Kasus yang melibatkan pelanggaran hak cipta dalam berkesenian seringkali tidak terekspos secara luas. Pada sekup yang labih luas, di Jawa Timur misalnya, meskipun ekosistem seni cukup berkembang, implementasi perlindungan hak cipta masih terbatas dan hanya sekadar wacana tanpa diikuti tindakan nyata. Permasalahan terkait musisi dan komposer juga menjadi sorotan. Musisi masih dianggap sebagai "buruh" yang hanya melayani permintaan tanpa mendapatkan pengakuan yang layak atas karyanya. Contohnya, ketika diminta untuk menciptakan musik tari untuk sanggar-sanggar tari, rekamannya kemudian digunakan “tanpa izin” atau tidak ada pembayaran royalti berkelanjutan kepada pencipta aslinya. Kondisi ini telah terjadi lebih dari satu dekade belakangan.

Hal ini menggambarkan perlunya perubahan sistemik dalam perlindungan hak cipta di dunia seni. Penggunaan karya seni haruslah diiringi dengan perizinan sah dan pengakuan adil terhadap penciptanya. Tanpa langkah-langkah konkret untuk mengatasi masalah ini, kesenian akan terus mengalami ketidakadilan, berpotensi merusak ekosistem kreativitas secara keseluruhan.

Harus ada upaya untuk meningkatkan kesadaran akan hak cipta di kalangan seniman, penata musik, dan semua pihak yang terlibat dalam produksi seni. Ini tentu bukan semata masalah moral, tetapi juga upaya menciptakan fondasi kuat bagi perkembangan seni beretika. Diperlukan langkah-langkah nyata untuk memastikan bahwa hak cipta dihormati dan dilindungi dengan baik dalam setiap aspek kegiatan seni yang dilakukan.

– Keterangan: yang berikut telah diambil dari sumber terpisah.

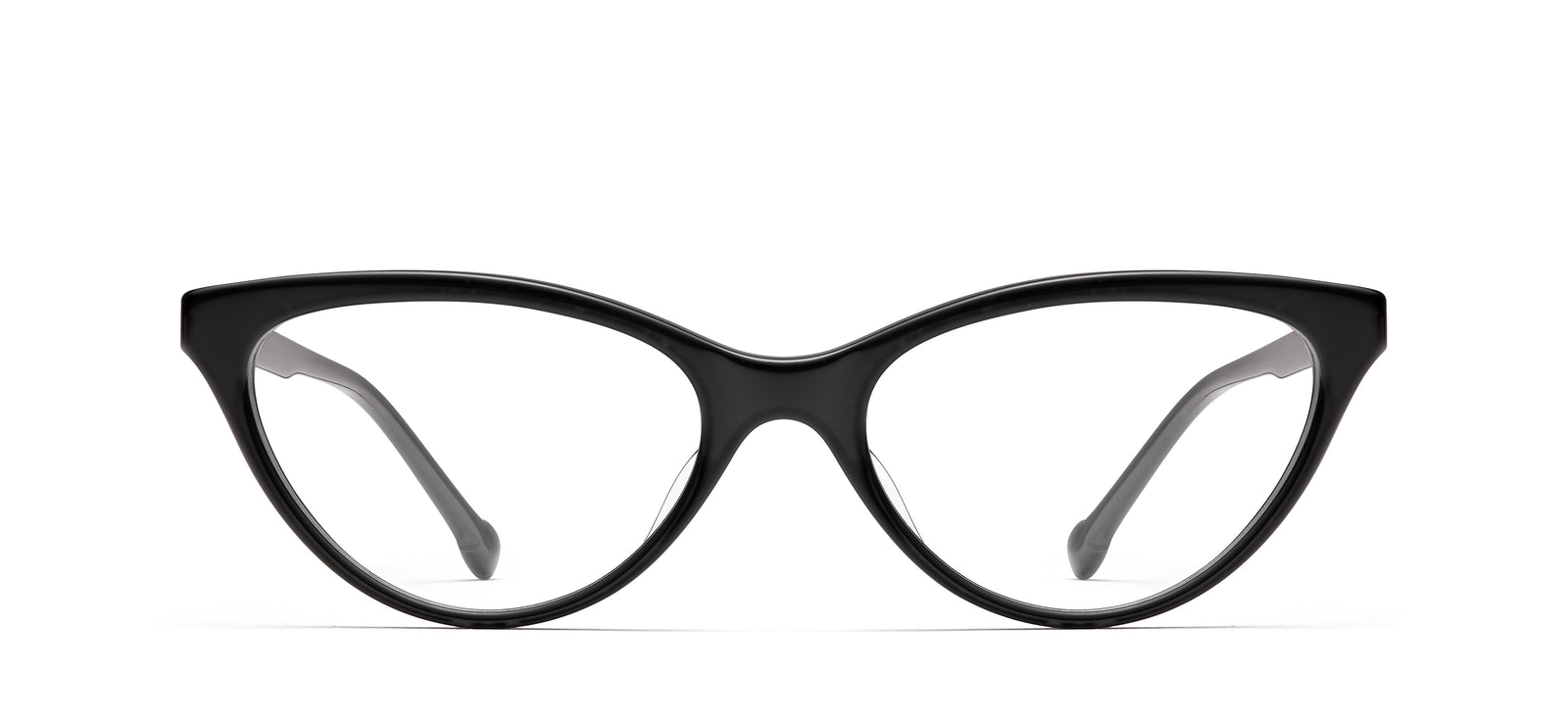 小物 new. eyewear F19 Tortoiseshell Square Glasses #2030339 | Zenni Optical Canada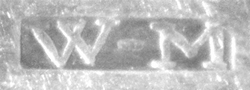 (22 KB) (Click on Picture to View Full Size) picture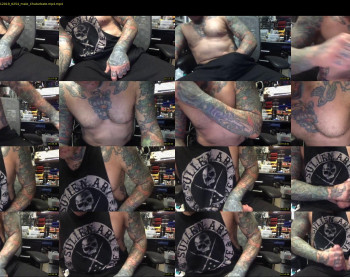 tattooedhotguy1973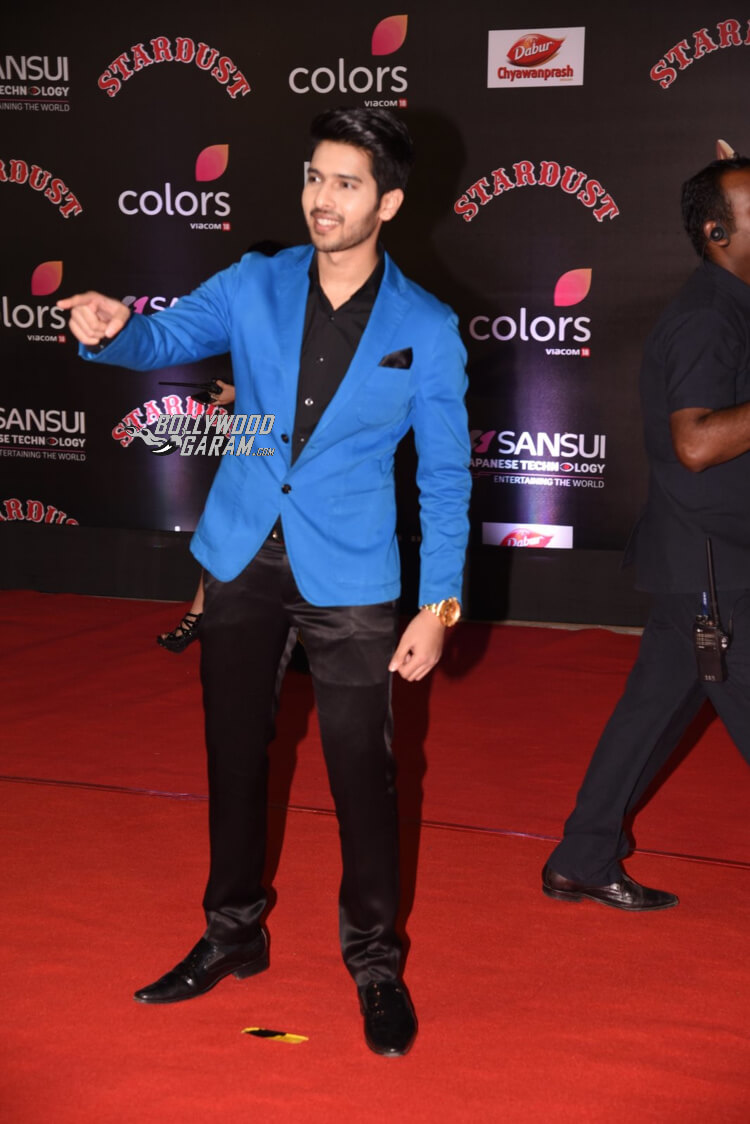 stardust-awards-arman-malik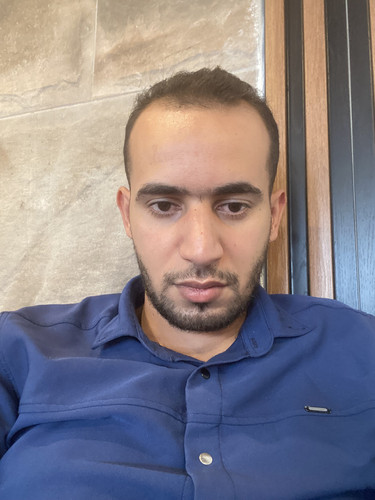 A5D57513 CD46 4AD5 9A02 A065EDD481DB.jpg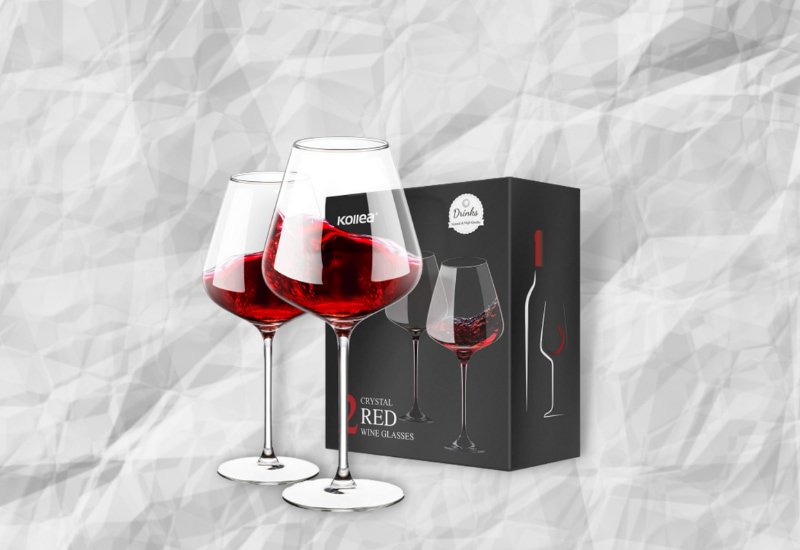 burgundy-wine-glass-hand-blown-italian-style-crystal-burgundy-wine-glasses.jpg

Dalam konteks seni berbasis tradisi, musisi atau pencipta musik berada dalam posisi rentan. Tradisi seni rakyat sering kali mengandalkan warisan musik lisan berusia ratusan tahun, tetapi pada saat yang sama, hak cipta atas karya-karya ini tidak terlindungi dengan baik. Ini berimbas saat musikus tradisi menciptakan komposisi-komposisi baru yang menarik, karena kurangnya perlindungan hukum memadai, mereka rentan mengalami eksploitasi atau penggunaan tidak sah dari karyanya. Di sisi lain, adopsi teknologi digital dan media sosial telah membawa tantangan baru bagi perlindungan hak cipta di kalangan seniman tradisional. Konten-konten musik dan pertunjukan tradisi diunggah tanpa izin di platform online, yang mengakibatkan penggunaan tidak sah dan hilangnya kendali atas karya-karya tersebut (kasus SMAN 1 Ponorogo adalah contohnya). Para musisi tradisi tidak memiliki pengetahuan atau akses untuk melindungi karyanya di era digital ini, sehingga rentan terhadap eksploitasi dan penggunaan yang, sekali lagi; tidak sah.

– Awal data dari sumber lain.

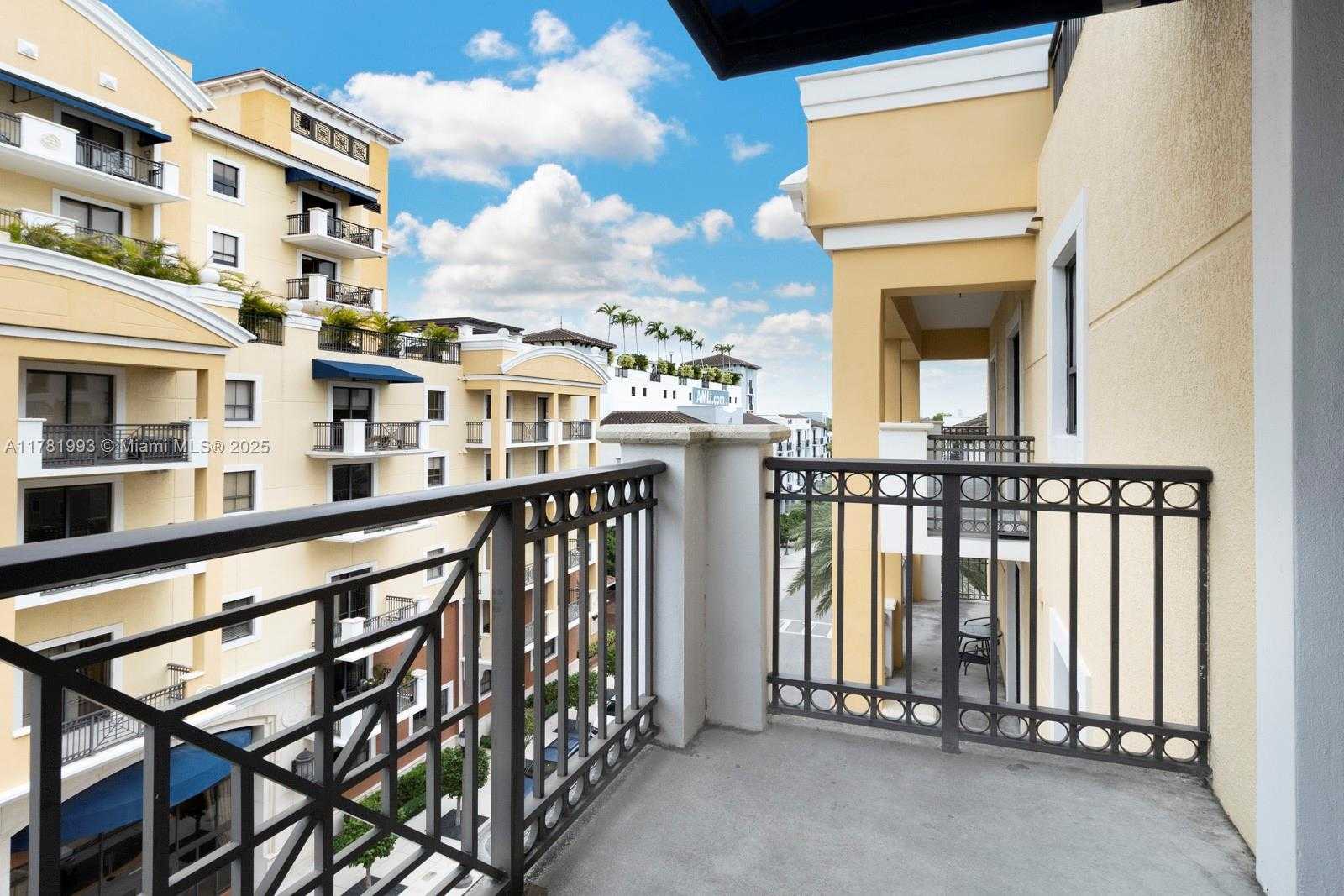 Small Image of 8390 SOUTH WEST 72ND AVE #517, Miami Number 11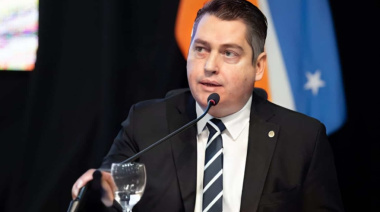 “El vaciamiento nacional golpea a los sectores más vulnerables de Río Grande”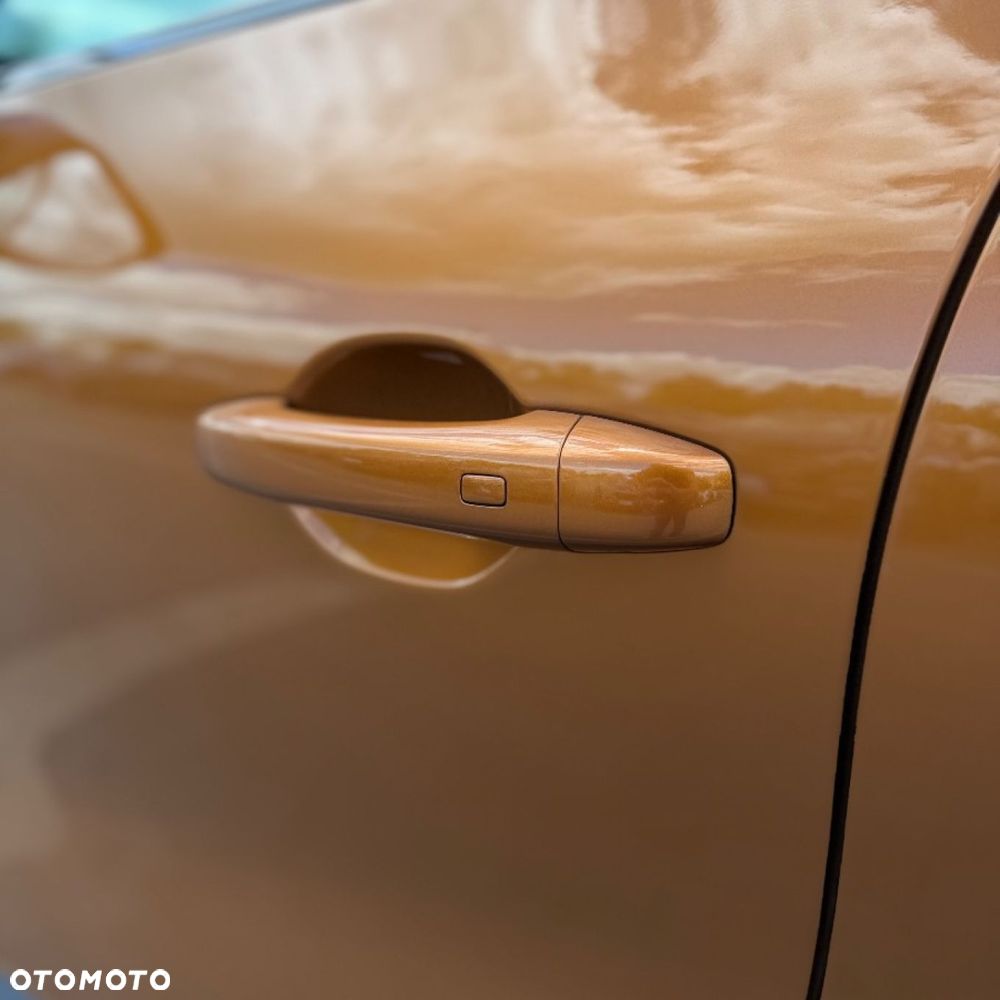 Renault Captur 1.6 E-TECH Plug-In R.S Line - 15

Diperlukan edukasi lebih baik kepada para seniman tradisi tentang hak-hak mereka dan cara melindungi karya mereka dalam berbagai konteks. Pemerintah juga perlu meningkatkan regulasi dan perlindungan hukum sesuai untuk memastikan bahwa musisi tradisional mendapatkan pengakuan adil atas kontribusi mereka. Kesadaran akan hak cipta tidak hanya penting untuk melindungi keberlanjutan praktik seni tradisi, tetapi juga untuk menjaga integritas. Dengan demikian, perlindungan hak cipta bukan hanya masalah praktis, tetapi juga esensial bagi perkembangan kreativitas di ranah seni tradisi.

Beradu

Fenomena ini lepas dari kenyataan bahwa seni dijadikan ajang kompetisi di tingkat lokal-nasional dengan skala masif. Dalam konteks ini, dorongan untuk menjadi juara sering kali mengesampingkan nilai-nilai etika dan integritas yang seharusnya dijunjung tinggi dalam berkesenian. Seni yang seharusnya menjadi ruang ekspresi dan kreativitas justru berubah menjadi ajang persaingan ketat, dimana segala cara dianggap sah demi meraih kemenangan. Akibat dari fenomena ini adalah munculnya budaya pragmatis dan oportunis di kalangan pelaku seni, khususnya di kalangan pelatih-guru seni, dan pelajar yang menjadi peserta dalam lomba-lomba seni. Mereka diajarkan bahwa hasil akhir lebih penting daripada proses dan bahwa kemenangan bisa dicapai dengan cara apa pun, termasuk dengan mengabaikan hak cipta dan etika. Hal tersebut tentu merusak nilai-nilai fundamental dalam seni dan pendidikan seni itu sendiri.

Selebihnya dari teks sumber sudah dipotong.